Friday, January 13, 2006

Watchful Eye

The Premise: Due to the current predisposition toward conviction and the existence of dirty cops, innocent people are sitting out life in America’s prisons. (O.K, so that part’s just fact. And the show hasn’t said anything about predisposition to convict.)
The heroes set free the wrongfully convicted one poor soul at a time, led by an ex-cop with a stinging conscience and a lawyer who wants to make a splash.
The attorney figures growing publicity about innocents behind bars will make the Attorney General look uncaring and bring a shot at the office to himself. But don’t worry, the touching nature of the job is clearly going to sprout better motives in his calculating heart.

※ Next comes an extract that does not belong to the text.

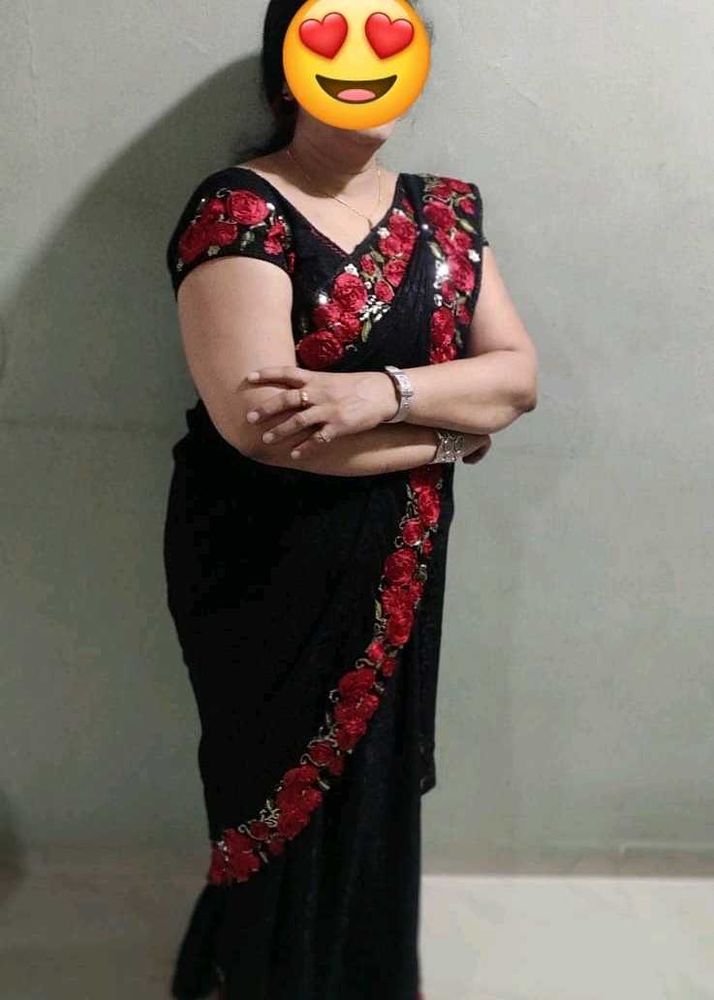 Elegant Black Saree with Red Floral Embroidery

The Slot: Fridays 9/8c on ABC

The Title: In Justice


O.K, I’ve watched the first two shows. Tonight’s improved greatly on last week’s, er, jumble, bringing it up to even standing with all the other ‘mystery’ shows on TV in terms of writing quality. Is that good enough? No. But the show is trending upward.

In terms of premise… I quite like the idea of a show about innocence. It’s a good change.
So sick I am of seeing a “public servant” portrayed as the “good guy” for deciding on a hunch to ruin some guy’s life.
You know why so many shows let you see exactly what happened from the beginning? Who did it, how, etc. Because that way they don’t have to prove anything. The viewer knows who the bad guy is, so the viewer doesn’t have to question anything when the “hero” goes after that individual on flimsy or imaginary evidence.

There are other pluses in this series, such as the attempts at making the investigation’s realistic. None of the non-existent technologies of “CSI” (and everything else). An almost-right restricted office setup. Etcetera.

It needs to develop itself further in numerous areas, and lose some of the emotional glitter in addition to what people seem to consider “clever.” But it has a lot of potential to do just that, so I’m giving it a tentative recommendation. I really have high hopes here (as television hopes go for me any more).


But I think what is most impressive to me about is what follows:
In tonight’s episode, the initial defense case relied heavily on allegations that the arresting officer was prejudiced. “That, that racist cop!” is shouted by the defense several times. The former police officer on the team (Jason O'Mara of “Band of Brothers,” “Monarch of the Glen,” and “The Agency”) doesn’t buy it.

Ex-Cop: “This cop is not a racist. You‘re just trying to win votes by playing the ‘race’ card.”
Lawyer: “Did you read these depositions, Charlie?”
Ex-Cop: “Yes I did. And I can make Mother Theresa look like a racist with questions like those.”

Presumption of Innocence. ‘Nuff said.